Futuristic hallway with text reading "IDIC Blogs: Stigma and Accommodation"

August marks the start of the school year in the United States, which is an exciting time for many. Unfortunately, it’s not the same for all students, which stems from broader cultural stigmas such as those around accommodations.

Accommodations are alterations of an environment, format, or equipment so that someone can access them. While they are not specific to schools, typically, that’s where people tend to first experience them, either as someone who needs them to be successful or as an observing classmate.

How accommodations are handled in the school setting sets the tone for how someone will treat them for the rest of their lives, even if they only observe someone else receiving reasonable accommodations.

For example, someone might internalize that accommodations are a burden if the teacher makes a big deal of doing a dyslexic student’s spelling exams verbally. In this case, the teacher sets the tone, but the students internalize that that’s an acceptable mindset.

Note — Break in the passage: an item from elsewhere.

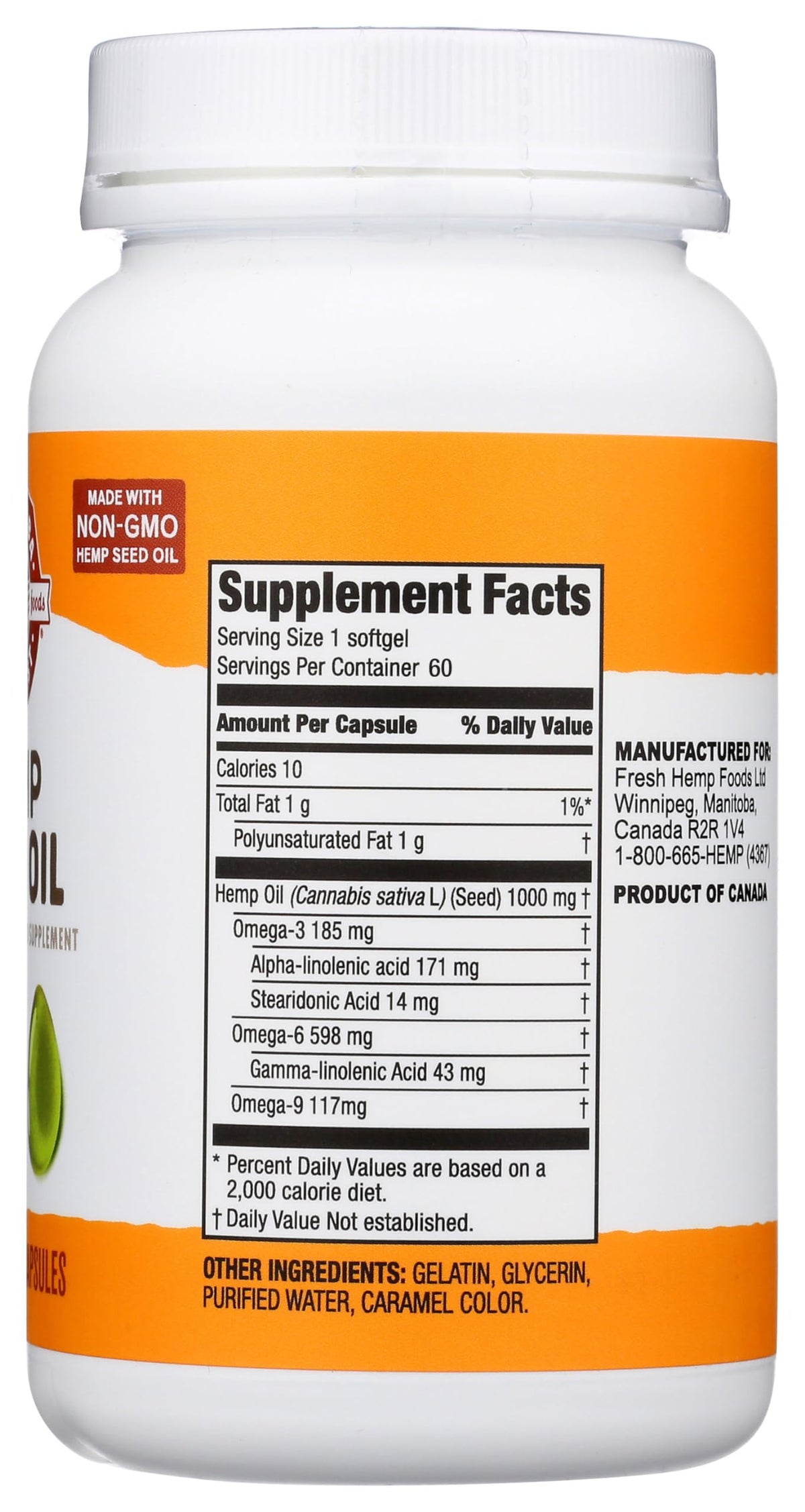 Hemp Seed Oil Softgel Capsules, 60 Count L12757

However, the interactions can also be positive. Accommodations without fanfare or negative connotations help students achieve academic success and maintain a positive mental image of themselves. Their peers also experience benefits, including a more open worldview.

Accommodations tend to follow students throughout their academic careers, so a positive perception can have an unrivaled impact on mental health. It also offers more possibilities to the individual since accommodations put achievement in reach and reduce ostracization.

In the United States, there are countless stigmas around disability. The ones around accommodations are very present, leading to parents not wanting their children labeled as “different” or receiving accommodations.

However, the perception needs to shift just like the ones around workplace accommodations do. These adjustments allow people to live fuller lives and should not be perceived as a burden. If anything, the rigid thinking and press for uniformity that stigmatizes them should be.

As a fan association, accommodation also plays a role in our activities. For example, producing materials in different formats and mediums so more people can access them is an accommodation. It’s just not one that people have to disclose personal information to ask for.

In an ideal world, everything would be accessible to everyone. Star Trek shows us the possibility of such a society. However, in reaching for it, we must first do the work in ourselves and community.